How many Mound Visits did teams average before?
According to data from the 2017 MLB season, teams averaged 7.41 mound visits per game.
It's worth noting that some of these visits were not strategic in nature, but rather were made to give pitchers a breather, stall for time, or allow the bullpen more time to warm up.
Basically, teams were using the mound visits as a loophole to buy some time and make the necessary adjustments in their favor.
So, in the end, the MVR rule was devised to limit the amount of time spent on these non-strategic mound visits.
What do coaches and players talk about on Mound Visits?
During a mound visit, the manager or pitching coach may discuss things like pitch selection, defensive alignment, and how to approach the current batter.
They may also offer words of encouragement or advice to help the pitcher regain focus or confidence.
In some cases, the catcher may also provide input or suggestions based on their observations of the opposing batters.
I remember seeing the pitcher and catcher disagree on what pitch to throw, which would provoke the catcher to approach the mound.
I was never sure if the catcher was being extra cautious on the pitch selections or if the pitcher was just too stubborn and arrogant.
I’m sure it was a little of both.
Everybody on the team wants to win the game, but maybe they don’t always agree on the tactics.
In case you didn’t know, baseball is the only team sport that doesn’t use a game clock to manage the length of their games.
Instead, the length is dictated by how quickly teams can compile outs each inning.

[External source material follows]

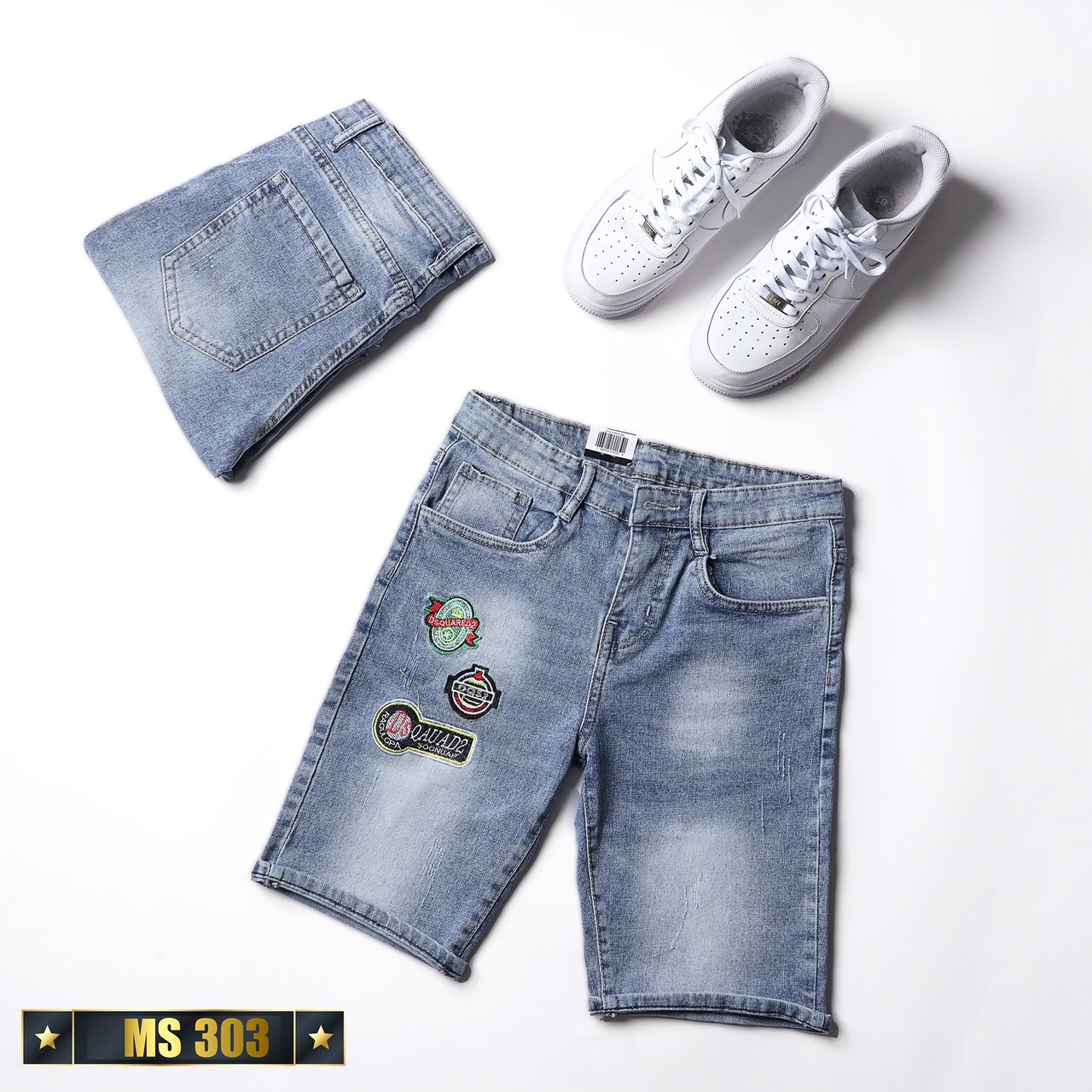 Quần short jean nam co giãn màu xanh dương, quần sọt nam mẫu mới chất denim cao cấp thời trang Benny Fashion - MQ303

Each inning has six outs or three per team at bat.
Innings are divided in the top and bottom half.
Because there is no game clock, the matches can prolong to over 4 hours, especially when extra innings are needed.
I’m all for reducing the overall game time, as they can get out-of-hand.
If you are attending a game, the commute just adds more time to the outing.
As a kid, I remember getting anxious during visits to the mound and pitching changes.
The worst is when this transition takes 10-15 minutes, and the result is a home run by the opposing team’s batter.
All that effort, and my team still gives up the runs. Ah yes, to be a Montreal Expos fan growing up!
While I no longer have an emotional investment in any particular MLB team, at least I don’t have to grow old waiting on a pitching change anymore.